Numa altura em que o seu nome começava a ser um dos habituais nas convocatórias para a selecção do Brasil e já com a presença na Copa América de 1987 no horizonte, chegar-lhe-ia da Europa um novo desafio – “Estava com a selecção brasileira, era o capitão aliás, em Londres a jogar a Taça Stanley Rous. O FC Porto mandou lá alguém ver-me e quando dei por mim já estava a assinar”*. Acercar-se-ia da “Invicta” na temporada seguinte à conquista da Taça dos Clubes Campeões Europeus de 1986/87. Ao comando dos “Dragões” estava Tomislav Ivic e como concorrentes ao lugar tinha Celso, Lima Pereira, Eduardo Luís e um jovem Fernando Couto. Todavia, nada do que era o contexto vivido nas Antas intimidaria o defesa. Logo nesse ano conseguiria impor-se e acabaria por ser uma pedra basilar na conquista de vários títulos. Aliás, troféus não faltariam ao jogador nos 4 anos de “Dragão” ao peito. A Taça Intercontinental e a Supertaça da UEFA, ambas vencidas na campanha da sua chegada, seriam rematadas pelas vitórias em 2 Campeonatos, 2 Taças de Portugal e 1 Supertaça.

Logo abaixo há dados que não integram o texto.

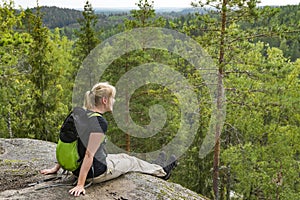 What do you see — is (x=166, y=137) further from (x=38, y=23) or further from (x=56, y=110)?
(x=38, y=23)

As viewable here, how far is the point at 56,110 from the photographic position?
16188 mm

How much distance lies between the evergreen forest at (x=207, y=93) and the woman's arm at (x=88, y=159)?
23.0ft

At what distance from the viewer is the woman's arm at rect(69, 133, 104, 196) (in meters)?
4.25

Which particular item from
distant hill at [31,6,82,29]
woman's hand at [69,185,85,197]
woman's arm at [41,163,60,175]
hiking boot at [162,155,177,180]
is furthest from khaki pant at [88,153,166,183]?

Outra das marcas deixadas pela sua passagem no FC Porto seriam os golos. Com 25 remates certeiros em todas as competições, marca próxima dos 30 conseguidos durante os anos no Cruzeiro, o central tornar-se-ia num fenómeno. Com um chuto fortíssimo, os livres directos, fossem lá de onde fossem, eram a sua especialidade. Na retina e na memória de muitos, ficaria a execução magistral conseguida em Alvalade – “O Domingos sofreu uma falta logo no início do Clássico e lá fui eu. O Ivkovic inverteu a posição normal da barreira, mas eu nem quis saber. Ele pensou que a bola ia para fora (risos). No final fui ter com o Marinho Peres, técnico do Sporting e meu amigo, e disse-lhe isto: «seu Marinho, diz ao goleirão que contra o Geraldão ninguém pode estar preparado. É impossível»”**.

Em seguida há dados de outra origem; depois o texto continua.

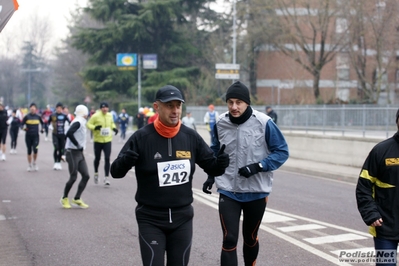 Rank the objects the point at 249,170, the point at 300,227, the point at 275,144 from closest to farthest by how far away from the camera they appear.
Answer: the point at 249,170 < the point at 275,144 < the point at 300,227

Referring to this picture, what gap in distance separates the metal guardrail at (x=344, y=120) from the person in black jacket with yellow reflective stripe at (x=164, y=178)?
14631 millimetres

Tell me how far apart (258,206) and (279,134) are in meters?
0.72

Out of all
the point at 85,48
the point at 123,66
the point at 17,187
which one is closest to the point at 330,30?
the point at 123,66

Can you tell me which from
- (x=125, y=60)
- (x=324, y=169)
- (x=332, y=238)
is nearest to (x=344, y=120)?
(x=324, y=169)

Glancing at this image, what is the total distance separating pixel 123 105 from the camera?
57625 mm

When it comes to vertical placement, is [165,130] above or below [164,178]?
above

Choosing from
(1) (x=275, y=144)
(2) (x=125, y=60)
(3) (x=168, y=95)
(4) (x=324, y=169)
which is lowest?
(4) (x=324, y=169)

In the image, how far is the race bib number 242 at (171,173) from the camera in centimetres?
494

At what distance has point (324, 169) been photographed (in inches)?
772

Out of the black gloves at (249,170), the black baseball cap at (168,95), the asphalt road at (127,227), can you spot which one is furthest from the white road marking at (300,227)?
the black baseball cap at (168,95)

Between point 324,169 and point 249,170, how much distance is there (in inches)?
556

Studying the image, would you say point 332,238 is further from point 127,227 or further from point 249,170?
point 249,170

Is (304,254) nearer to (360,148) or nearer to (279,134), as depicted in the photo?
(279,134)

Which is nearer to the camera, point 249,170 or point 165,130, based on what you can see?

A verdade é que a passagem de Geraldão pelos “Azuis e Brancos” ficaria marcada também por um grande celeuma. Já perto do final do contrato, começariam a surgir os rumores que o jogador já tinha um acordo com as “Águias”. Os responsáveis do FC Porto, convencidos da veracidade das notícias veiculadas, acabariam por afastar o atleta que, entretanto haveria de ser obrigado a um “exílio” no Brasil – “estava na hora de renovar o contrato mas nunca mais falavam comigo. Eu tudo bem, na minha, aliás já tinha uma série de golos no campeonato dessa época quando falhei um penálti com o Salgueiros, num jogo em que ganhámos 3-0. Houve logo quem se aproveitasse para dizer que eu ia assinar contrato com o Benfica no final da época”*.

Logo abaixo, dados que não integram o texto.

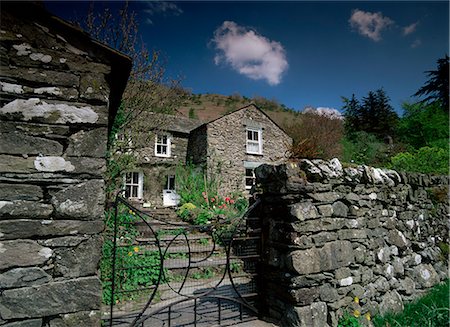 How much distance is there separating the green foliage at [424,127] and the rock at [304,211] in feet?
42.5

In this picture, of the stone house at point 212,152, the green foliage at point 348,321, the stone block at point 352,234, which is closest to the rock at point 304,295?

Geraldão acabaria mesmo por sair, um ano depois da polémica, mas para ficar ligado ao Paris Saint-Germain. Com Artur Jorge ao comando dos gauleses, a contratação do defesa iria reforçar o contingente brasileiro da equipa francesa. Contudo, a experiência ao lado de Ricardo Gomes e de Valdo, nessa temporada de 1991/92, não agradaria ao jogador que acabaria por deixar a Ligue 1. Antes ainda de regressar ao Brasil, naquela que seria a recta final da sua caminhada como futebolista, dar-se-ia a passagem pelos mexicanos do América. Já de volta ao seu país, Grêmio e Portuguesa seriam os emblemas a apadrinhar a sua despedida. As mazelas deixadas por lesões antigas apressariam o seu afastamento dos relvados. Aos 30 anos de idade, o antigo internacional “canarinho” deixaria o desporto para passar a dedicar-se à agricultura. Todavia, as saudades devolvê-lo-iam ao futebol. Como técnico ou director, o seu caminho haveria de levá-lo a agremiações como o Ipatinga, Democrata GV ou CRB Alagoas. Ainda assim, o destaque terá que ir para a sua colaboração com o Marítimo, onde, com um cargo de dirigente, ficaria intimamente ligado às chegadas à Madeira de Ezequias, Léo Lima, Pepe e Alan.